▶ PROBLEM DESCRIPTION:
Find the line with "ADIDAS ESSENTIALS TRAINING DUFFEL BAG LARGE" in the data below. Repeat it and every line after it exactly, but not the pictures.

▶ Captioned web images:
= Beginning of Section =

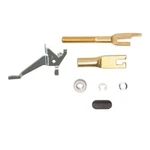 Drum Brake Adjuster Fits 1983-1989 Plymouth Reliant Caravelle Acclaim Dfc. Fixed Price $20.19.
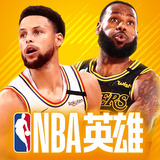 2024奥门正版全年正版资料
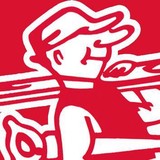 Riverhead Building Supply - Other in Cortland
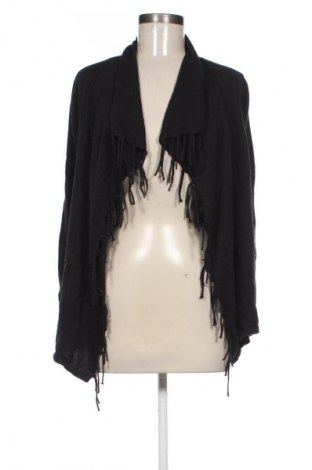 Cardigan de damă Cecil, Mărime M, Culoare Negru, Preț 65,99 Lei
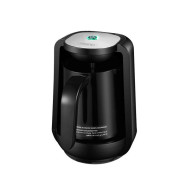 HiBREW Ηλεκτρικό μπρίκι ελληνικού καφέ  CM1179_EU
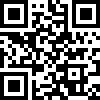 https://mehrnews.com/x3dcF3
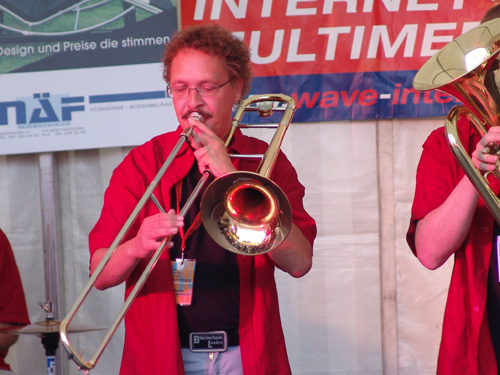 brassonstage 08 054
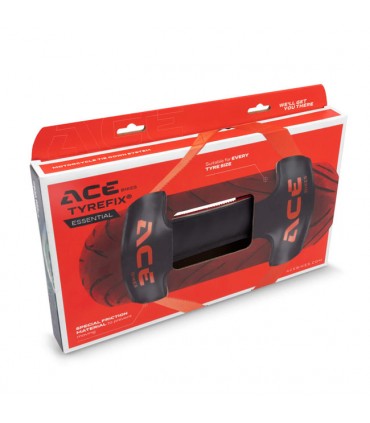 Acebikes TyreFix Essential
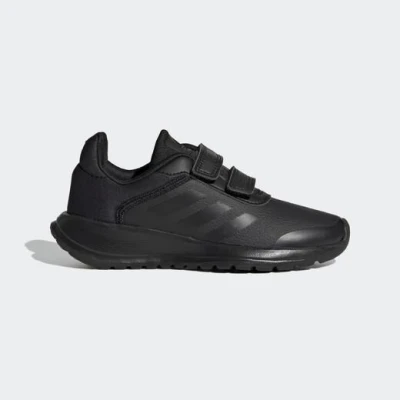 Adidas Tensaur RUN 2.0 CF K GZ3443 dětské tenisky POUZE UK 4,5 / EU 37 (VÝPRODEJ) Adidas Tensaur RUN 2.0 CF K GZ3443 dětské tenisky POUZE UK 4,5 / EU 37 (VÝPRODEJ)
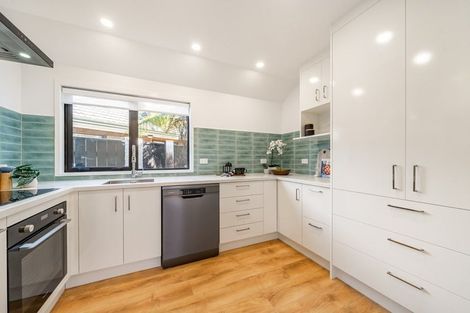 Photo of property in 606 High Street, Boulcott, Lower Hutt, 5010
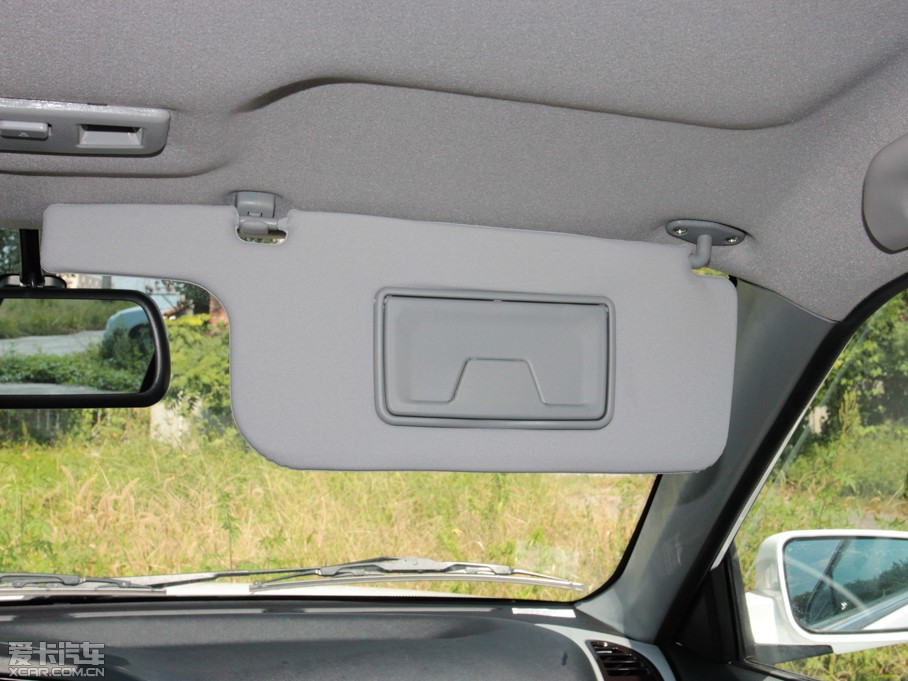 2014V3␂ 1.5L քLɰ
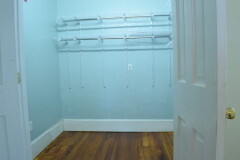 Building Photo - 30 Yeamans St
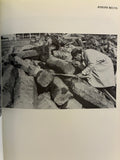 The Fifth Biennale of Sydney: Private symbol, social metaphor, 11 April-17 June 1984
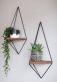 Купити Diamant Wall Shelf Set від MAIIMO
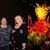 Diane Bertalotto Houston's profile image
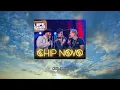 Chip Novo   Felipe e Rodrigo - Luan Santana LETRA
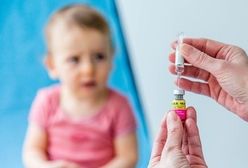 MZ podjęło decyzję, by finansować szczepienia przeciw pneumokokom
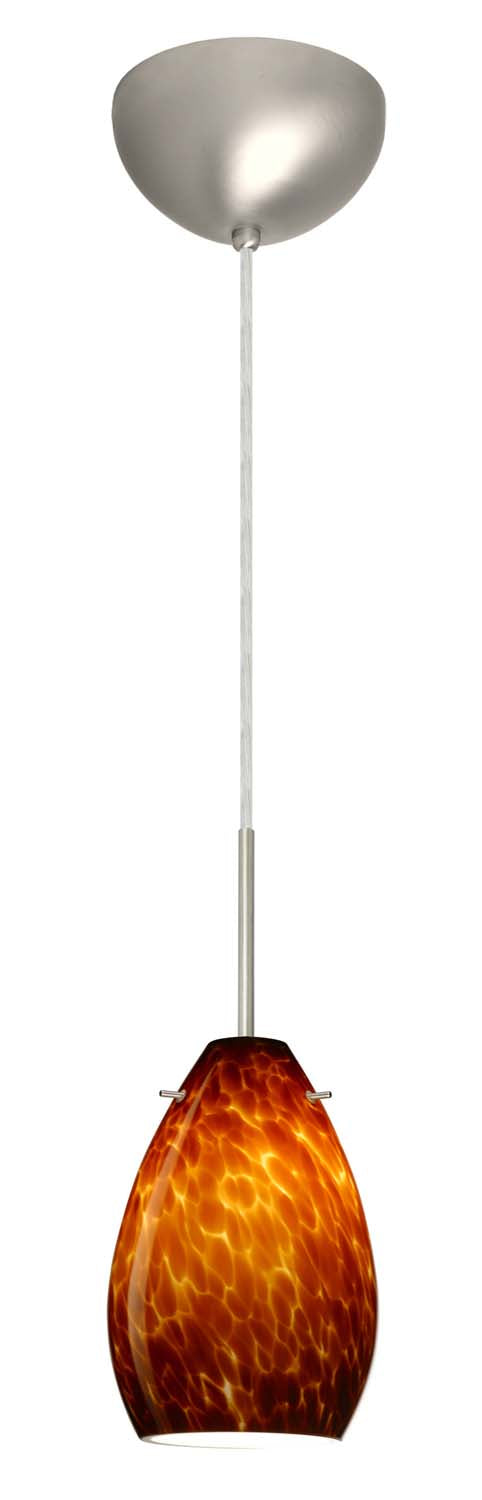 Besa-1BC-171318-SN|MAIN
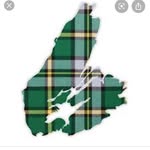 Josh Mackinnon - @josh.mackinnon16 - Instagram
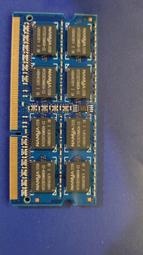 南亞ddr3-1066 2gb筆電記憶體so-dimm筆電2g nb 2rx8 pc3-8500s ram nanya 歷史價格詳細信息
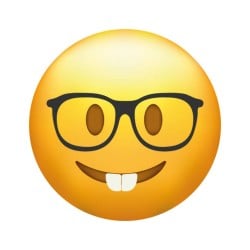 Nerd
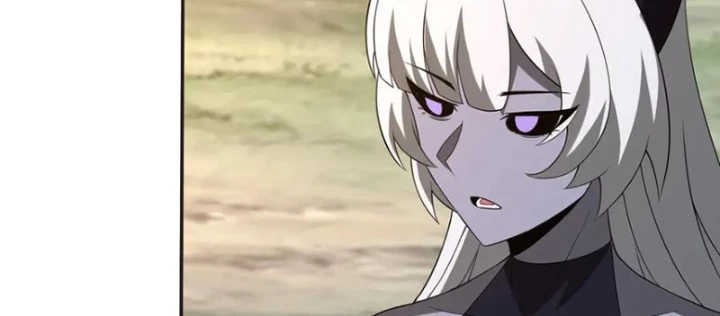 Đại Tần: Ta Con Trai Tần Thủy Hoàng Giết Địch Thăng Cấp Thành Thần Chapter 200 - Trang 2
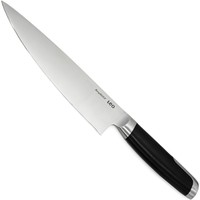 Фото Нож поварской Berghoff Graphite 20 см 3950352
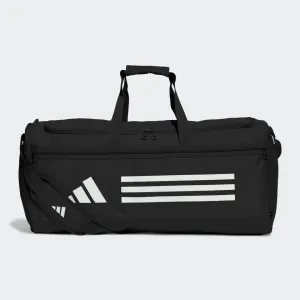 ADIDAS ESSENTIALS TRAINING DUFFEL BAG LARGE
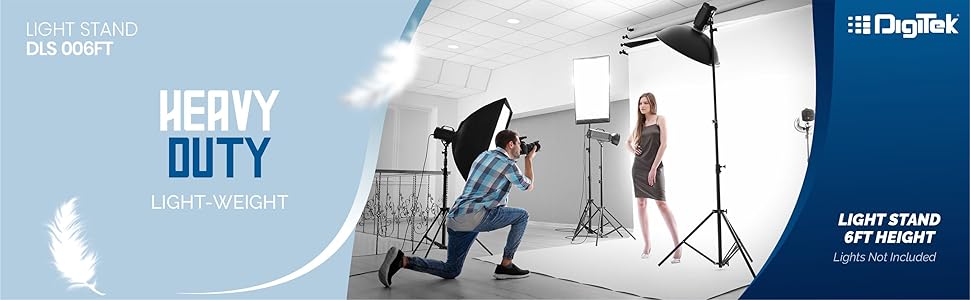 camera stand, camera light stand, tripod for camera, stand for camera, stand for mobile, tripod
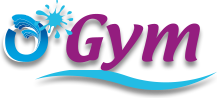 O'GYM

= End of Section =

▶ ANSWER BOX:
 ADIDAS ESSENTIALS TRAINING DUFFEL BAG LARGE
 camera stand, camera light stand, tripod for camera, stand for camera, stand for mobile, tripod
 O'GYM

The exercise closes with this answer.